Cash Flowing Series

Real Estate

Welcome McFinancers. With the end of the year fast approaching, we wanted to take the time to go over different ways for investors to get cash flow from their investments. As investors, we know that there are two investing strategies: capital gains and cash flow. A reminder that capital gains are made when an investor buys something for a low price and sells it after it has appreciated. This offers investors the chance to increase their money exponentially over a short period. On the other hand, investors can invest for cash flow. This is when investors buy assets that provide a consistent income over time. Each investing strategy has its pros and cons and each investor has their preference on their investing strategy. Here at McFinance, we recommend that investors focus on cash-flowing assets over capital gains due to their reliability in any market, and it’s more passive than capital gains investments. Over the next four weeks, we are going to look at different ways for cash flow in the stock market, crypto, commodities, and real estate.

Week 4: Real Estate

For the last part of the cash-flowing series, we are going to look at real estate. Real estate is one of the oldest investment assets that have been around for centuries. Some of the richest people in the world own large portions of real estate. It offers major advantages over other assets. In the US, you can claim tax deductions for properties, claim depreciation on your taxes, and offer predictability as everyone needs a place to live so there is always a market. While real estate has its advantages, it does have disadvantages like every other asset class. Real estate can require a large capital investment to put as down payments for the property/land. There is also a lot of knowledge required to buy a house with terminology, inspections, and contracts. Then there is the possibility of having bad tenants. Real estate assets aren’t for everyone as they require a large amount of time and effort but they can be worth it if you learn to be a successful investor.

Rental Properties

Investors can leverage rental properties as a robust strategy for generating cash flow. The process begins with property acquisition, where investors purchase residential or commercial properties aligned with their financial objectives and investment strategy. The primary source of cash flow stems from rental income, with tenants covering expenses such as mortgage payments, property maintenance, taxes, insurance, and operational costs. Achieving positive cash flow, wherein rental income surpasses expenses, provides the investor with additional income that can be reinvested, used to pay down the mortgage, or contribute to their financial goals. Rental properties may also appreciate over time, yielding capital appreciation upon sale. Moreover, tax advantages like mortgage interest deductions and property-related expenses can enhance cash flow by reducing the overall tax burden.
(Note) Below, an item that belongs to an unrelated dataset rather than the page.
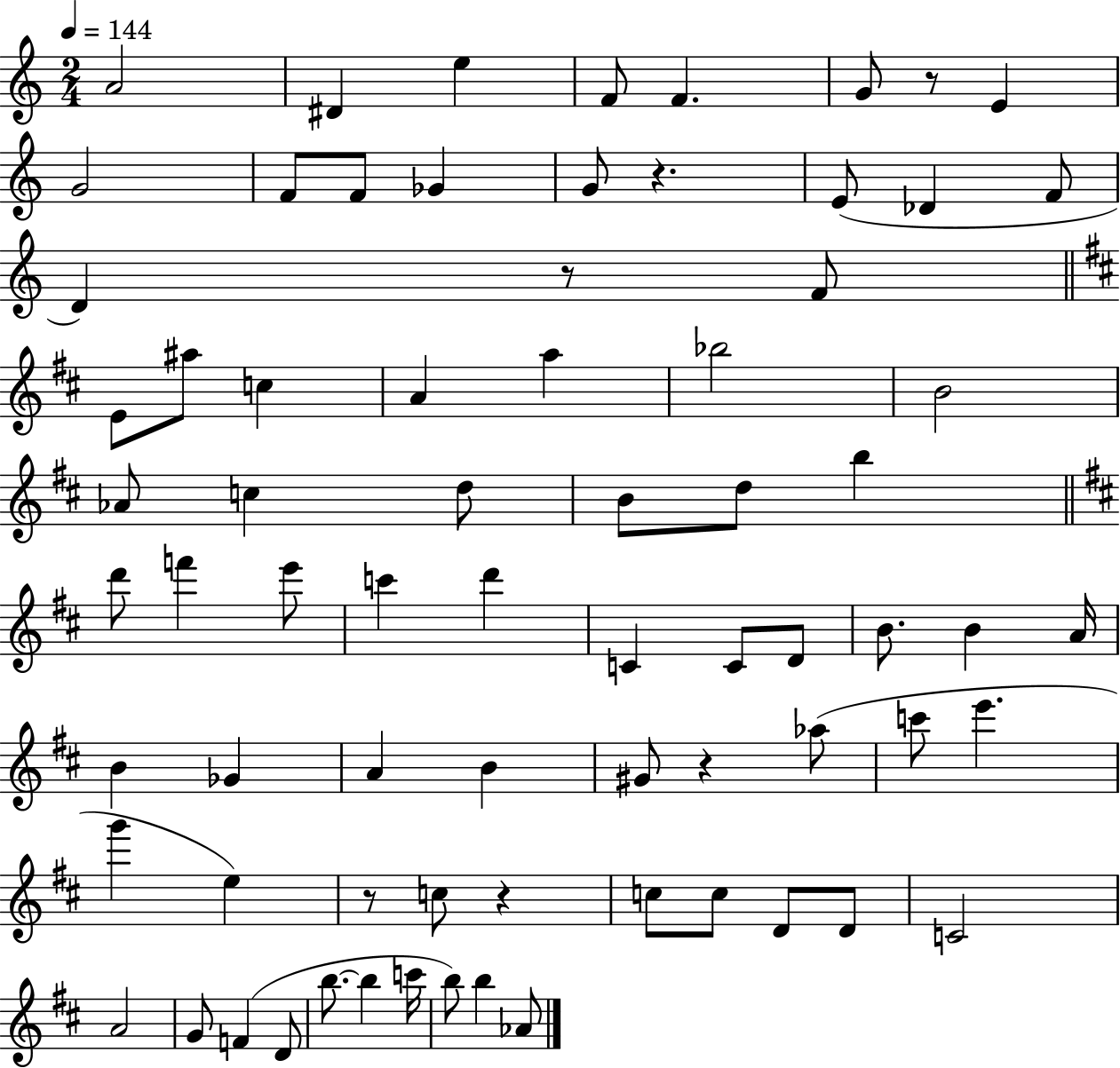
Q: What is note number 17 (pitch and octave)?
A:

Additionally, rental properties offer diversification from traditional financial markets and can be managed directly by the investor or through a property management company. Investors need to conduct market research and due diligence to select properties in areas with a stable or growing rental market while understanding the responsibilities and risks associated with property ownership.

REITs

While investors can own physical land, it is worth noting that investors can own real estate through the stock market. Real Estate Investment Trusts (REITs) are a compelling means of generating cash flow for investors. REITs provide an opportunity to invest in real estate assets, such as commercial properties, residential complexes, or infrastructure, without the need for direct property ownership. By purchasing shares in a REIT, investors gain access to a diversified portfolio of real estate assets. These trusts are required by law to distribute a significant portion of their income to shareholders in the form of dividends, making them an attractive source of regular and potentially high yields. This consistent income stream can serve as a stable cash flow source, offering both capital appreciation potential and portfolio diversification. REITs are particularly appealing for those seeking exposure to real estate markets while benefiting from liquidity and professional management. However, like any investment, it's essential to conduct research, assess the specific REIT's performance, and consider factors such as property types, market conditions, and dividend yields when incorporating REITs into an investment strategy.

Conclusion

We hope you learned something new today. Real estate has been one of the most reliable sources of cash flow for investors. It is probably the best asset to have to help generate cash flow among the different assets. While it isn’t easy to just start investing in real estate, it does require time and effort to learn and develop skills for investors. Leave us a comment if you want to learn about anything more.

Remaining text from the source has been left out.